In Iowa, Joni Ernst and Bruce Braley talked of Harleys, hogs and chickens. In Florida, Charlie Crist and Rick Scott bickered over a fan. In Colorado, Mark Udall’s focus was more womb-centric than “The Handmaid’s Tale.” While I believe strongly in reproductive freedom and salute him for defending it, I also wish I could tell you, without intensive research, what sort of script he has for restoring this country’s confidence.

Actually, "Joni Ernst and Bruce Braley" have not been campaigning on motorcycles, hogs, and chickens in Iowa. It was Ernst who ran a campaign commercial featuring herself riding to a gun range in a motorcycle, who released another ad talking up her experience castrating hogs, and who assailed Braley over his dispute with a neighbor over chickens that had wandered onto the Braleys' vacation property. Down in Florida, meanwhile, it's true that Crist and Scott's pre-debate tussle over Crist's fan made headlines, but did Bruni bother to watch the candidates spar over issues like education, climate change, and the economy? Better, it seems, to seize on one cringe-worthy spectacle that fits your preconceived midterm narrative than to do a few minutes' worth of research into the issues the two candidates have debated. Most appalling, though, is Bruni's criticism of Udall for his "womb-centric campaign." Coming in a column that bemoans the midterms' lack of substantive focus, this criticism is particularly mystifying and, to be honest, insulting. Try telling the women who would lose access to abortion and many contraceptives that Cory Gardner's continued support for federal personhood legislation isn't an issue worth emphasizing. But Bruni, the champion of an elevated and serious political dialogue, would rather have Udall discuss that completely tangible variable called "confidence."

Bruni's column gets no better when he attempts to flesh out what a Republican Senate victory would mean. "The turnover in the chamber will be a retort to the status quo, which is a Democratic Senate majority, along with a Democratic president," Bruni writes. "If you’re the candidate of continuity and sameness, whether a Republican or a Democrat, you’re quite likely vulnerable," he later adds. "That’s why Udall’s aides raised a stink when his opponent, Cory Gardner, ran a TV commercial underscoring the generations of politicians in the Udall family. Udall said it represented an out-of-bounds personal attack, which was ridiculous. What it did was weld Udall to the status quo, and that rightly spooked him."
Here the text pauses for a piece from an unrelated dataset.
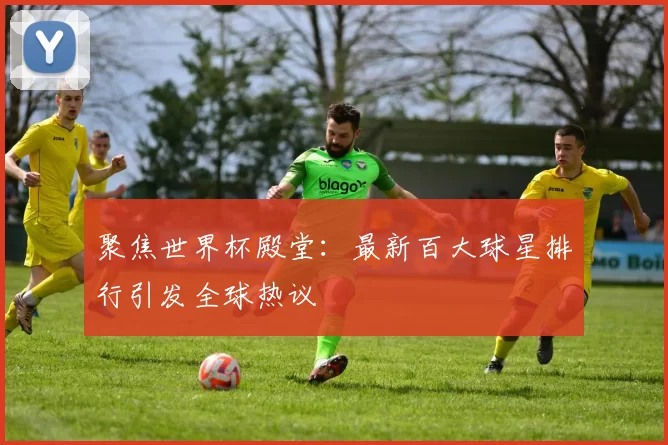 聚焦世界杯殿堂：最新百大球星排行引发全球热议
But is Udall at risk because he represents "continuity and sameness," or because he's running in a purple state in a midterm election year that favors the Republicans? If being the candidate of "continuity and sameness" means that "you're quite likely vulnerable," then why is Sen. Ed Markey, who's been in Congress since the Ford administration, coasting to election in Massachusetts? Why is Thad Cochran poised to win a seventh Senate term in Mississippi? Why are Kentucky voters ready to send Mitch McConnell, a 30-year incumbent, back to the U.S. Senate for another six years? Why is Udall's cousin Tom Udall, a senator from New Mexico and a 16-year veteran of Congress, leading his Republican opponent by double digits? Could it be that voters aren't rebelling against "continuity and sameness," but that, to quote one pundit, Tuesday's results will ultimately "reflect the particularities of the individual races and states themselves" -- demographics, turnout, their political histories? That pundit, by the way, was Frank Bruni, writing in the very same column.

In just over 24 hours, this dreadful midterm campaign will come to a close. But long after the votes have been counted and the balance of power has been determined, Bruni will continue to make our eyes bleed with his insufferable smarm and embarrassing cluelessness.